In a move applauded by cyber security experts, encrypted email service Lavabit, which was forced to shut down in 2013 after refusing to comply with a court order demanding access to their SSL keys to snoop on Edward Snowden’s emails, is being revived.
Three years ago, Lavabit CEO Ladar Levison had had possession of the Texas-based company’s SSL encryption key, which would have allowed the government to obtain Snowden’s password. Even though the FBI insisted it was only after Snowden’s account, this was the master key to the infrastructure that would have helped the FBI agents obtain other users’ credentials as well, thereby destroying all privacy and security with the company.

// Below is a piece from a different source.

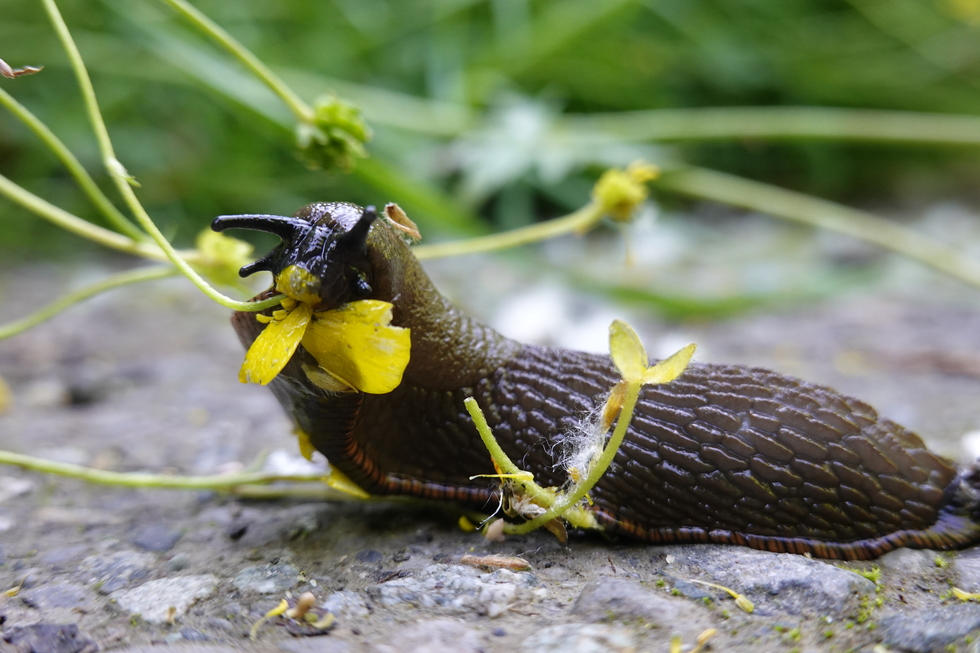 Vote for Slug eating it's breakfast WildlifeInFocus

The pressure on Lavabit was similar to the pressure the FBI was applying to Apple when the agency was requesting Apple release their keys in early 2016. So rather than compromising the security and privacy of Lavabit’s 410,000 customers, they decided to close entirely, shutting off access to those customers email accounts.
Yesterday, Levison announced that he is reviving Lavabit with a brand new architecture that fixes the weakest link, namely the SSL problem. According to Levison, this was the single biggest threat, and now includes other privacy-enhancing features that will help its users send emails that even he can’t gain access to.

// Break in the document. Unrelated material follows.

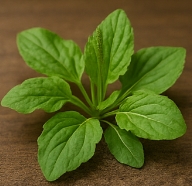 차전자피의 효능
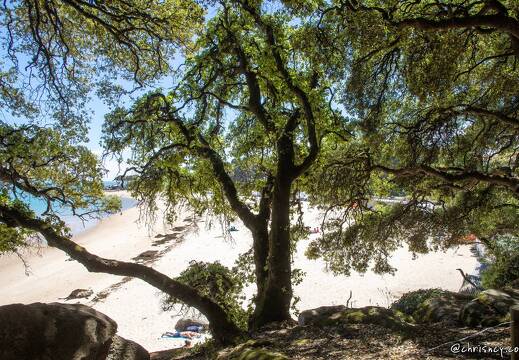 20220531-22 2705-Noirmoutier en l ile Bois de la Chaize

Levison will be releasing the source code for a Free, Libre, and Open Source end-to-end encrypted global email standard which promises surveillance-proof messaging that even hides the metadata on emails in order to prevent agencies such as the NSA or FBI from being able to find out who Lavabit users are in communication with.
The new standard, deemed the Dark Internet Mail Environment (DIME), has been released on GitHub for the code to be reviewed. DIME is designed to operate in conjunction with a mail server program called Magma.

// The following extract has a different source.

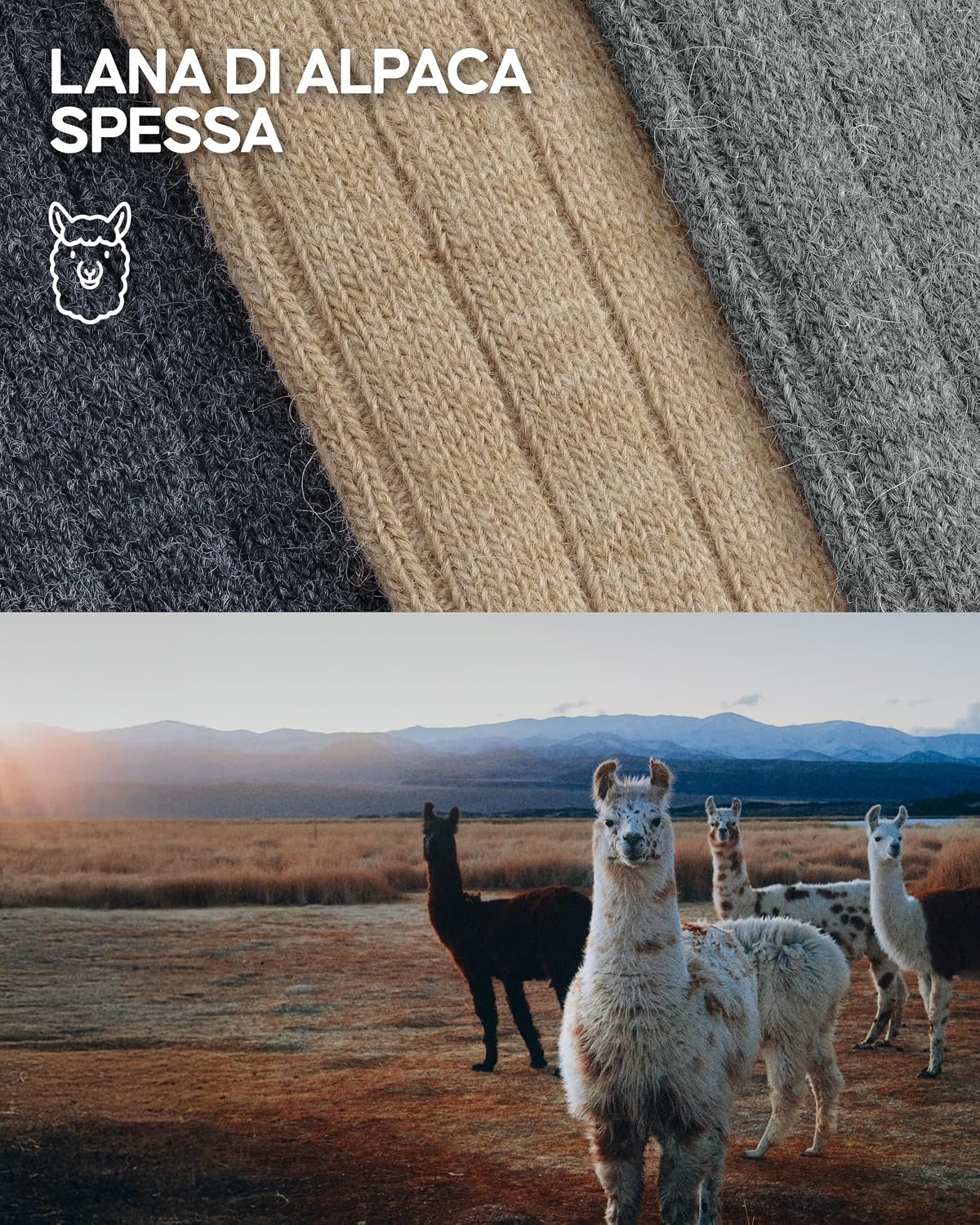 Thumbnail 4 de DANISH ENDURANCE Calze Lana Alpaca 2 paia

Levison stated in a blog post:
“DIME is the only automated, federated, encryption standard designed to work with different service providers while minimizing the leakage of metadata without a centralized authority…
By encrypting all facets of an email transmission (body, metadata, and transport layer), DIME guarantees the security of users and the least amount of information leakage possible.”
Levison said the Magma server is designed to offer an easy to use program so that even non tech savvy users with existing email clients can use the Lavabit encrypted email service easily. The new DIME standard also includes a ‘Trustful’ encryption mode, which would require users to trust the server in order to manage the encryption and their respective keys.
“The server performs the encryption on your behalf, and as such, you must trust that the server will not be rewritten in such a way that it captures your password, or peeks at your messages during processing,” Levison said in his blog post.
Furthermore, DIME also offers “Cautious Mode” and “Paranoid Mode” for the users who want absolute control over their encryption keys, so their keys never can be transmitted anywhere. Paranoid Mode would mean Lavabit will never be able to store a user’s private keys on its server.
In the beginning of this rollout, the new Lavabit service will only be accessible to its existing customers and only available in Trustful mode. However, if you were not a former Lavabit customer before the service shut down, you may pre-register and wait for the eventual rollout of the revamped service.
Email and general communication privacy as well as security has been an incredibly tricky business. These examples include, but are not limited to, the compromising of Yahoo email servers of 1 billion users, the attempts to breach private communications in Apple devices, WhatsApp encryption, journalists being targeted by the US, as well as other governments, and Hillary Clinton operating her own poorly maintained private email server.
The biggest threat to privacy and security in cyberspace seems to be from government agencies, who have a poor understanding of the importance of cyber security. Technologically illiterate politicians need to understand once and for all, “A backdoor for one, is an exploit for all.”